La marque italienne Profumum Roma fait son nid, doucement mais sûrement, dans le paysage de la niche française. C’est pourquoi j’avais envie aujourd’hui de revenir plus en détails sur cette maison, à découvrir (ou redécouvrir) à la Scent Room du Printemps Haussman.

Sa gamme riche en fragrances gourmandes m’avait d’abord fait passer mon chemin sans m’y attarder plus que cela. Néanmoins au fil des mois, j’ai appréhendé la gamme plus attentivement et plus d’une fragrance a retenu mon attention. Comme je l’avais déja écrit ici, Arso est un parfum qui mérite le détour, dans le genre résineux, boisé et cuiré. Comme Poivre Bleu, Suavissima m’a rapidement séduite, avec sa grâce toute féminine, son poudré à souhait, son coeur teinté de fleurs blanches, son fond baumé. Un Teint de Neige de Villoresi qui aurait croisé un N°22 de Chanel en quelque sorte, c’est du moins la vision que j’en ai. Quant à Acqua Di Sale, c’est sans doute l’une des fragrances qui dépeint le mieux l’ambiance solaire d’une promenade en bord de mer.

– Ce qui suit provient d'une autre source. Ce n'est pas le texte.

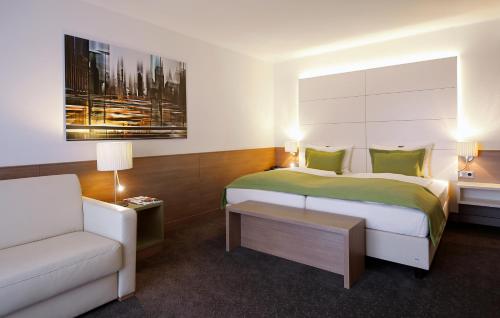 Suite Junior con sofá cama del hotel Lindner Dusseldorf Airport, Part Of Jdv By Hyatt. Foto 11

Parfums hyper concentrés, sillage hors-normes, tenue irréprochable… Des qualités, la marque Profumum Roma n’en manque pas. La gourmandise de certaines de ses fragrances y est abordée d’une manière bien plus réjouissante que le font les jus qui inondent régulièrement les linéaires des parfumeries. Point de patchoufruit, un peu d’éthyl maltol mais sans excès. Ici le gustatif est là pour servir un souvenir, des moments de vie, et se fait le plus souvent assez réaliste dans ses évocations. Ce n’est pas forcément mon registre, mais le travail est joli et nous emmène sur d’autres territoires que les sempiternerls bonbons haribo. Ici c’est l’esprit d’un dessert iconique de l’Italie que l’on retrouve, là une fleur d’oranger délicatement chocolatée… J’adore la vanille mais je la préfère généralement associée aux bois, aux notes poudrées ou liquoreuses, plutôt qu’aux notes sucrées. Pourtant je trouve Dulcis in Fundo jubilatoire et assez craquant dans son style. Hymne à ce dessert emblématique de l’Italie, ce parfum s’articule autour d’un axe assez simple: une envolée hespéridée (mandarine, citron) sur un fond très vanillé. Il me semble également y déceler du néroli, tout comme la vanille a probablement été poussée dans ses atours gourmands par la vaniline, l’éthylvaniline, voire une touche légère d’éthylmaltol. Pour autant je trouve ce parfum bien moins cheap ou écoeurant que nombre de sucreries que l’on trouve sur le marché. Peut-être parce qu’il évoque une vraie pâtisserie, jusque dans sa texture, à tel point qu’on la sensation très réaliste de sentir un gâteau qui sort du four, avec tantôt l’image d’une madeleine citronnée, ou d’une vanille légèrement brûlée et caramélisée. Loin des bonbons et autres arômes alimentaires dont s’inspire la parfumerie mainstream. Si je devais m’aventurer sur le terrain régressif d’une gourmandise totalement assumée, c’est sans doute l’un de ceux que je choisirais.

La collection de Profumum Roma s’est dernièrement enrichie d’une nouveauté, Sorriso, qui fait elle aussi la part belle aux notes gourmandes: orange amère et chocolat s’enveloppent ici d’une facette un peu liquoreuse et amandée. Il serait toutefois dommage de réduire cette gamme aux tonalités sucrées: les bois, les notes arômatiques, la figue ou les bouquets floraux sont autant de territoires qu’a également exploré la marque au cours de ces dernières années.